Anyone in line at 7 p.m. will still be able to vote, even if it means the polling locations have to stay open a few extra hours. However, this could mean a delay in reporting the election results from some precincts.
Original story: Polls close across Texas at 7 p.m., and lines at several voting locations around Central Texas are already hours long, according to county officials.
Travis County’s online wait time map uses red, yellow and green pins to designate wait times. The majority of polling places around Central Austin are red, meaning a wait time of greater than 20 minutes. Viewers can click on individual pins to get specific wait times for that location.
Voters can expect 30-plus minute wait at most locations throughout Austin, with shorter wait times on the outskirts of Travis County. On The University of Texas at Austin campus, the polling location at the Perry-Castaneda Library is currently two hours long. But, 10 blocks south, the line at the Sam Houston Building is just 15 minutes, according to the online map.
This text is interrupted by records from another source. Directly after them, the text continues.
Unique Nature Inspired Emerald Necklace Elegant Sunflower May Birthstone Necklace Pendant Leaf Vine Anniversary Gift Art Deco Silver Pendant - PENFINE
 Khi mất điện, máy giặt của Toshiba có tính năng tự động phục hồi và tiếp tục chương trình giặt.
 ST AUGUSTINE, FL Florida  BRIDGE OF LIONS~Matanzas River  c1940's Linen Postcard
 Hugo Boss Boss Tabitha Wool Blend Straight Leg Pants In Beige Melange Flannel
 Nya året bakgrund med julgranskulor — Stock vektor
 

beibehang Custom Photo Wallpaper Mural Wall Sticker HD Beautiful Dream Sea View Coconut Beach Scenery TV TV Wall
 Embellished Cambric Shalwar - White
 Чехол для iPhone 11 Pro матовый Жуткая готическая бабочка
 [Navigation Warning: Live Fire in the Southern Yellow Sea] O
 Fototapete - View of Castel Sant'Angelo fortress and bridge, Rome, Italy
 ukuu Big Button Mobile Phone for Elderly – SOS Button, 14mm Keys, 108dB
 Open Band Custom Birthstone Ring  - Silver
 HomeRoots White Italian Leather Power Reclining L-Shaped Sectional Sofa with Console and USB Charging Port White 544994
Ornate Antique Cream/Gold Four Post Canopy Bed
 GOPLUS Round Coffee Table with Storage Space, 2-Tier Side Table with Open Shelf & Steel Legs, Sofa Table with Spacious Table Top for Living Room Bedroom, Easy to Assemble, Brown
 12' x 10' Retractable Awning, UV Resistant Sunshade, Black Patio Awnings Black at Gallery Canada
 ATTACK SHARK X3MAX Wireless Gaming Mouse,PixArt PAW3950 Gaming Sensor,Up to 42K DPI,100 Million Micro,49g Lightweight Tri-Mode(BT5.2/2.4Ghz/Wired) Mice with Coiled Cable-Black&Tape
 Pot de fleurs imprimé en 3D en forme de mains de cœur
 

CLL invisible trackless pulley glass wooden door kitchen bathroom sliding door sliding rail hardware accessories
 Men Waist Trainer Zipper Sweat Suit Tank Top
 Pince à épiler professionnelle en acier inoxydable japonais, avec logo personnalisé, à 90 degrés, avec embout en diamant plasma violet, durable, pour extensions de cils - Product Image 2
Williamson County’s online map indicates most wait times are 15 minutes or less, but a few places including a Randalls in Georgetown and another in Round Rock, as well as Hutto City Hall, all have wait times surpassing 45 minutes.
Despite the long waits, which could get worse as people get off work, anyone who is in line by 7 p.m. will still be allowed to vote.
Guadalupe, Hays and Comal counties do not have wait times for their polling locations listed online.